» **TASK PROMPT**
Nothing but the lines below from the one holding "Two examples of" up to and including the one holding "Macroeconomic statistics of" should be copied, exactly and without pictures.

(Saved data entries)

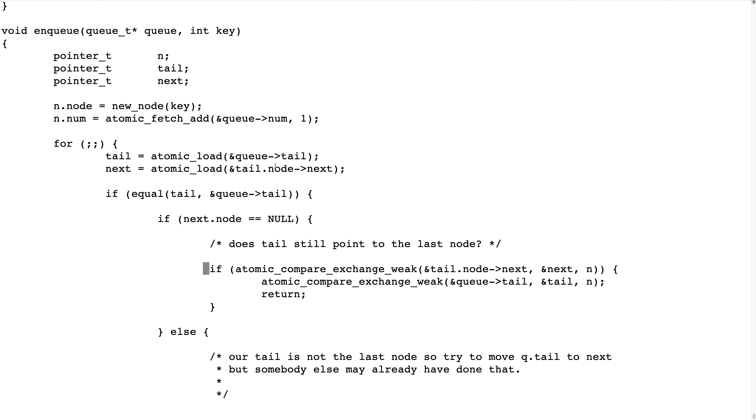And as we will see, we will add our new node if this is a null pointer and this tail is still the last node in the list.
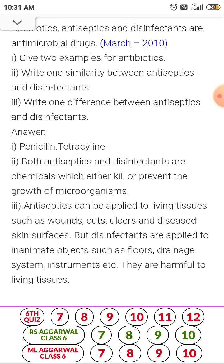Two examples of antibiotics are penicillin and tetracycline. The similarity between antiseptics and disinfectants is they kill or prevent the growth of microorganisms. The difference is that antiseptics are applied on wounds and cuts of living tissues, while disinfectants are used on inanimate objects like floors, bathrooms, surgical instruments, etc., and are harmful to living tissues.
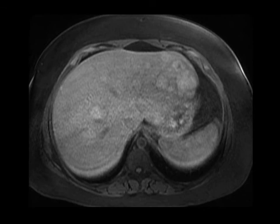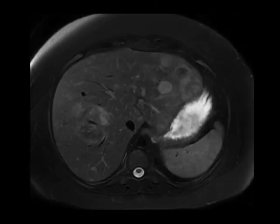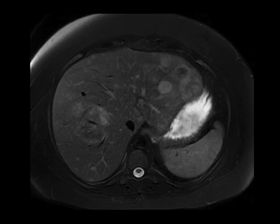The history here is very helpful. This is a young woman with oral contraceptive use, and this is ultimately an example of hepatic adenomatosis.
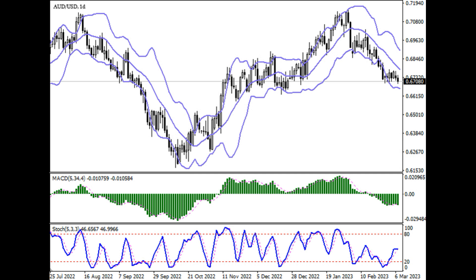Macroeconomic statistics of Australia had no noticeable impact on AUD/USD. In January, exports grew by 1% and imports by 5%, which reduced the trade surplus from 12.5 billion to 11.688 billion Australian dollars.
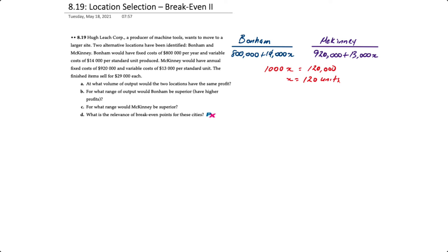This now enables us to answer requirements B and C. If sales are expected to be less than 120 units, then Bonham is the ideal location. And if sales are to be over 120 units, then McKinney is ideal.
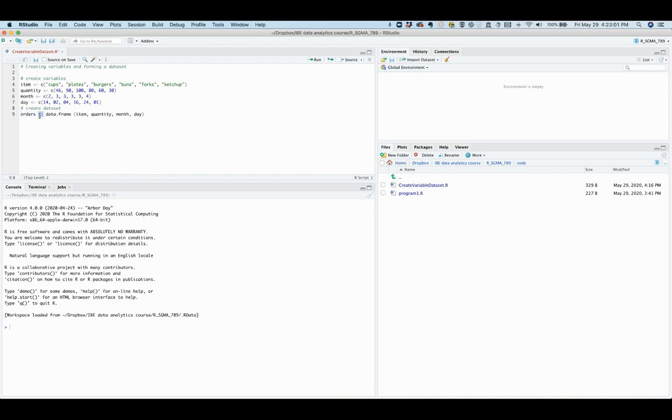Then the data frame function, which collects the four variables that we have just created, item, quantity, month, and day, to form a data set of rows and columns. Rows are observations, and columns are variables.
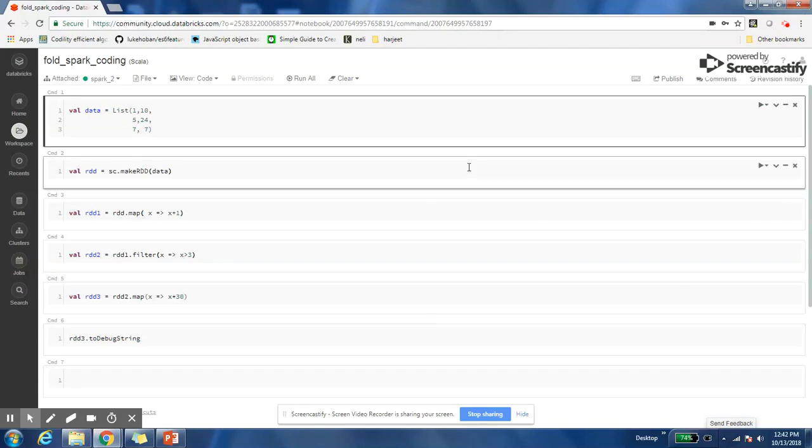Hi everyone, welcome to my channel. Friends, whenever we are asked some basic questions in an interview, most of the time I have seen that people get stuck in the basic concepts. So one of those concepts is why Spark is fault tolerant or what makes Spark fault tolerant. Even though it's a very basic question, I have seen a lot of people getting confused while answering this question.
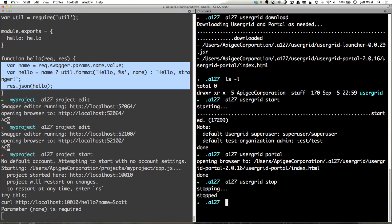There's the full introduction to the A127 command line. I hope you enjoyed it, and please check out our other videos. Thanks.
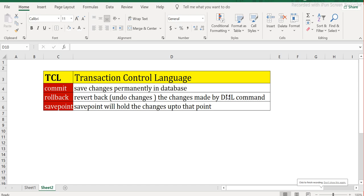Welcome back to ETL SQL apps. Today we will look at TCL commands in SQL. TCL stands for Transaction Control Language. Before this, we have looked at DDL, DML, and DCL, and this is the fourth set of commands. Please go and watch my previous videos if you have not watched them. This is the last set of commands before we go with DQL or the SELECT statement.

» **RESPONSE TO THE EXERCISE**
Two examples of antibiotics are penicillin and tetracycline. The similarity between antiseptics and disinfectants is they kill or prevent the growth of microorganisms. The difference is that antiseptics are applied on wounds and cuts of living tissues, while disinfectants are used on inanimate objects like floors, bathrooms, surgical instruments, etc., and are harmful to living tissues.
The history here is very helpful. This is a young woman with oral contraceptive use, and this is ultimately an example of hepatic adenomatosis.
Macroeconomic statistics of Australia had no noticeable impact on AUD/USD. In January, exports grew by 1% and imports by 5%, which reduced the trade surplus from 12.5 billion to 11.688 billion Australian dollars.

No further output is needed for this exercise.